- Opening Delimiter -
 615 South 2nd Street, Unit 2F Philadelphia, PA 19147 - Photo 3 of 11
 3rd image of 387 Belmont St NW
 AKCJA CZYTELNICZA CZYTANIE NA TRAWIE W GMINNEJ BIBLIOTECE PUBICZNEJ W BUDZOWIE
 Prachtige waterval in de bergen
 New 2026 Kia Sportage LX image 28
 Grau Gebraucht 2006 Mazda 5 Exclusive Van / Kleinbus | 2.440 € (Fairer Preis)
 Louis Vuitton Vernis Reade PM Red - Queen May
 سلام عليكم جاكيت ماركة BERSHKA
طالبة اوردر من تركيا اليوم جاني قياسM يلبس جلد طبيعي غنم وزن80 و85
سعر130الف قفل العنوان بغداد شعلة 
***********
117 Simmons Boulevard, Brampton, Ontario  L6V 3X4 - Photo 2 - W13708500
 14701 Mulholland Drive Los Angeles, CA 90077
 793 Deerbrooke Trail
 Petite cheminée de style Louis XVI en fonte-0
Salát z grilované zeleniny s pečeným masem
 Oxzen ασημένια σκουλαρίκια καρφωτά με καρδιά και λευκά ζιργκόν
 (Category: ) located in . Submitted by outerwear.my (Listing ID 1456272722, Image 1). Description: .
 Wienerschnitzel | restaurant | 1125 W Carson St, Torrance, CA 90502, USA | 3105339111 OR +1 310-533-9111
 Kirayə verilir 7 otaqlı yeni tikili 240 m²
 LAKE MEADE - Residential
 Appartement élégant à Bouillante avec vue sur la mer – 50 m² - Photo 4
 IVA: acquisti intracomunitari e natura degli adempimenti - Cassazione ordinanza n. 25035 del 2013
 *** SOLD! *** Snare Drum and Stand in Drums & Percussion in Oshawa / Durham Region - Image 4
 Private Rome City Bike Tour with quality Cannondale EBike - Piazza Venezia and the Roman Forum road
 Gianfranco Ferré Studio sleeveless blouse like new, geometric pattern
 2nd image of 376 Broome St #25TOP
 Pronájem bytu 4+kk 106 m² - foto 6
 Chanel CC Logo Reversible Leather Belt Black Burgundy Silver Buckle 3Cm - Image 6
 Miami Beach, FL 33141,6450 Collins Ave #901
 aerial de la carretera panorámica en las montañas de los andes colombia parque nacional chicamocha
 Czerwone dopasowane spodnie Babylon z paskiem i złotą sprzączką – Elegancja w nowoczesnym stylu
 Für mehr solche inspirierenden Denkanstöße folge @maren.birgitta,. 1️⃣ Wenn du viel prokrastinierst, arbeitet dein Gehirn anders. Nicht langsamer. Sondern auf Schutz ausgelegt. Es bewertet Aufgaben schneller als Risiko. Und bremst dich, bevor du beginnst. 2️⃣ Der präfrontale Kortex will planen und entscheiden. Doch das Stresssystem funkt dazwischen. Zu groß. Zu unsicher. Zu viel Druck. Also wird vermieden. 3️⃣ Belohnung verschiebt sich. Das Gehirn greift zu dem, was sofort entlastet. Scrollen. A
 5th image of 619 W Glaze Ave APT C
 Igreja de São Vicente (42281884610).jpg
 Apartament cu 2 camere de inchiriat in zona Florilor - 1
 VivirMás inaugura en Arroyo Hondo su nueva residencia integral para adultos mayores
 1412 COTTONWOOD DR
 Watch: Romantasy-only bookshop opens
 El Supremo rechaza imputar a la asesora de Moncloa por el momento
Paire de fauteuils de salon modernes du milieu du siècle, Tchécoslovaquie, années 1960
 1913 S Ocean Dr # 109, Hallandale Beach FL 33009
- Closing Delimiter -
[WHAT YOU ARE ASKED TO DO]
Give back, unchanged, the run of lines in the listing above that begins at the line containing "IVA: acquisti intracomunitari" and ends at the line containing "Igreja de São Vicente (42281884610).jpg", both included.

[SOLUTION FOR THIS TASK]
 IVA: acquisti intracomunitari e natura degli adempimenti - Cassazione ordinanza n. 25035 del 2013
 *** SOLD! *** Snare Drum and Stand in Drums & Percussion in Oshawa / Durham Region - Image 4
 Private Rome City Bike Tour with quality Cannondale EBike - Piazza Venezia and the Roman Forum road
 Gianfranco Ferré Studio sleeveless blouse like new, geometric pattern
 2nd image of 376 Broome St #25TOP
 Pronájem bytu 4+kk 106 m² - foto 6
 Chanel CC Logo Reversible Leather Belt Black Burgundy Silver Buckle 3Cm - Image 6
 Miami Beach, FL 33141,6450 Collins Ave #901
 aerial de la carretera panorámica en las montañas de los andes colombia parque nacional chicamocha
 Czerwone dopasowane spodnie Babylon z paskiem i złotą sprzączką – Elegancja w nowoczesnym stylu
 Für mehr solche inspirierenden Denkanstöße folge @maren.birgitta,. 1️⃣ Wenn du viel prokrastinierst, arbeitet dein Gehirn anders. Nicht langsamer. Sondern auf Schutz ausgelegt. Es bewertet Aufgaben schneller als Risiko. Und bremst dich, bevor du beginnst. 2️⃣ Der präfrontale Kortex will planen und entscheiden. Doch das Stresssystem funkt dazwischen. Zu groß. Zu unsicher. Zu viel Druck. Also wird vermieden. 3️⃣ Belohnung verschiebt sich. Das Gehirn greift zu dem, was sofort entlastet. Scrollen. A
 5th image of 619 W Glaze Ave APT C
 Igreja de São Vicente (42281884610).jpg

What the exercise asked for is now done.